Last Month's Most Accessed Feature: Filter paper prop

Multiple tissue and fluid analysis

Filter paper has been used as a support in 96-well plates for ten types of biological fluids and tissues in the post-mortem LC/MS analysis of the alkaloid colchicine, in which the calibration curve for dried blood spots can be applied to most of the other sample types. In 2012, a team of scientists in Switzerland had successfully used filter paper in this way to analyse drugs in dried blood spots and they wanted to see how far the technique could be extended to other biological samples.

Julien Déglon and colleagues from the Forensic Medicine Unit and the Forensic Toxicology and Chemistry Unit at the University Center of Legal Medicine, Lausanne-Geneva, described their method in Drug Testing and Analysis. Successful application would effectively map the distribution of a drug throughout the body in a post-mortem examination.

The particular drug they chose to study was colchicine, an alkaloid which is prepared from seeds and corns of the meadow saffron plant and is prescribed for the treatment of gout, rheumatoid arthritis and familial Mediterranean fever. It is one of those drugs that must be taken with extra care because the plasma concentration at which toxic effects begin to appear is close to the therapeutic concentration. It can kill within 7-10 days of overexposure.

Liquid chromatography-tandem mass spectrometry is one of the most popular methods of drug analysis in the forensic lab and the researchers wanted to develop an automated procedure for analysing different types of post-mortem samples to increase throughput. They succeeded by generalising the sample preparation protocol for different tissues and fluids to give a rapid analysis time.

Filter paper support

To begin with, the research team developed their methodology on biological media that were spiked with colchicine. Whole blood, urine, bile, vitreous humour, pericardial fluid and cerebrospinal fluid were spotted onto a filter paper card. Frozen samples of brain, liver, kidney and heart tissue were prepared and 60-µm sections were cut out and applied to the filter paper.

Small sections were cut out manually and placed in a well on the 96-well plate and an autosampler was set in motion to carry out the extraction procedure. Methanol containing deuterated 7-aminoclonazepam as a chromatographic standard was dispensed into each well. The contents were mixed by drawing air into the well followed by drawing and dispensing half of the methanolic solvent. The automated extraction from the filter paper took just two minutes.

After mixing, the syringe withdrew a small volume to inject into the liquid chromatograph for LC/MS/MS analysis. After passing through a C18 column to separate it from any other compounds extracted from the biological fluids and tissues, colchicine was detected and measured by electrospray ionisation in selected reaction monitoring mode. Two transitions each were monitored for colchicine and the standard.

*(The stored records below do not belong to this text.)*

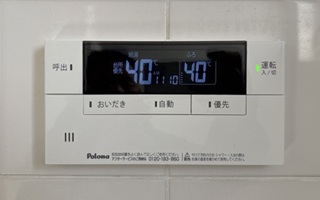浴室リモコン施工後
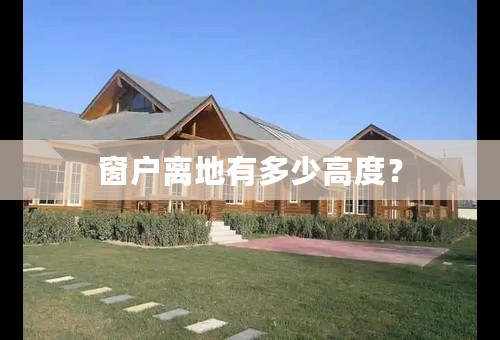 窗户离地有多少高度？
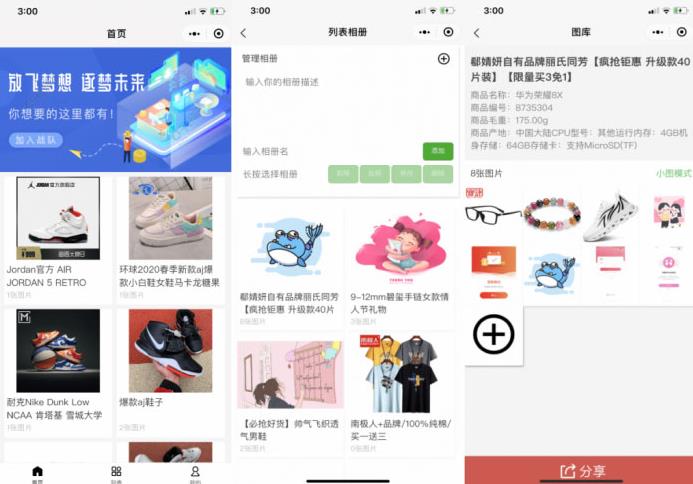 Nodejs框架+uniapp前端微商个人相册多端小程序源码-参考资源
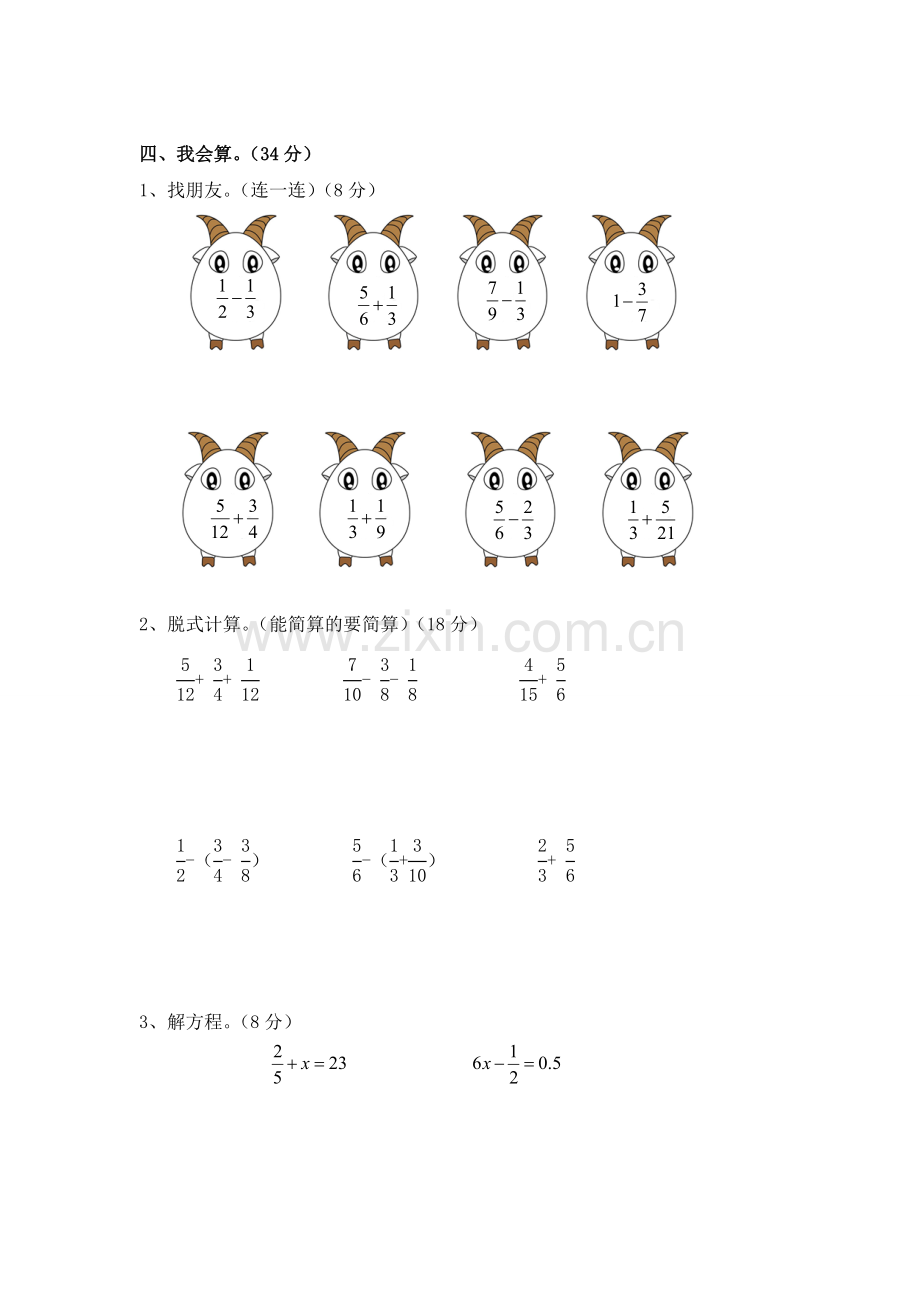 北师大版五年级数学下册第一单元模拟测试及答案电子教案.doc_第3页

Colchicine in dried blood spots on filter paper was also analysed at different concentrations under full validation to produce a calibration curve over 0.5-5 ng/mL, which corresponds to the toxic range for colchicine. There were no interferences from any other compounds present in blood and the analytical data, including precision and repeatability, were all acceptable.

Drug distribution

When the calibration curve for dried blood spots was applied to the other fluids and tissues that had been spiked with known concentrations of colchicine, the values were found to be accurate. For tissues, the results also matched those determined following liquid-liquid extraction (LLE). The only exception was bile, for which the mass spectrometric signal was almost fully suppressed by another component. In this case, LLE or a longer chromatographic separation is required to remove this interference.

For the remaining biological matrices, successful separation from matrix components was achieved and the chromatographic step and mass spectrometric detection were completed within five minutes, making a total of just seven minutes for extraction and analysis.

The role of the filter paper is important. Without it, the tissue sections float to the surface once methanol has been added to the well, preventing the removal of solvent for direct injection into the liquid chromatographic inlet. However, when the tissues are added to filter paper first, they remain adhered and do not interfere with the subsequent extraction.

Forensic case study

Having established the ability of dried blood spots to calibrate for the other fluids and tissues, the method was applied to a real case, in which a man died after deliberately ingesting a mixture of drugs, including colchicine, acetaminophen, allopurinol and acemetacin, as well as two litres of wine.

On admission to the intensive care unit, the patient admitted to taking 10-20 times the recommended daily dose of colchicine. This was confirmed by analysis of ante-mortem and post-mortem blood, in which the levels of colchicine were found to be sufficient to cause death.

The distribution of colchicine was measured across the various fluids and tissues. The concentrations in liver and heart were very similar, being about half the level in kidney. The very low concentrations in brain, cerebrospinal fluid and vitreous humour were consistent with a weak ability to cross the blood-brain barrier.

The automated LC/MS/MS method using filter paper to support the samples in 96-well plates should provide a useful platform for forensic and clinical investigations into the distribution of drugs and toxic compounds throughout the body.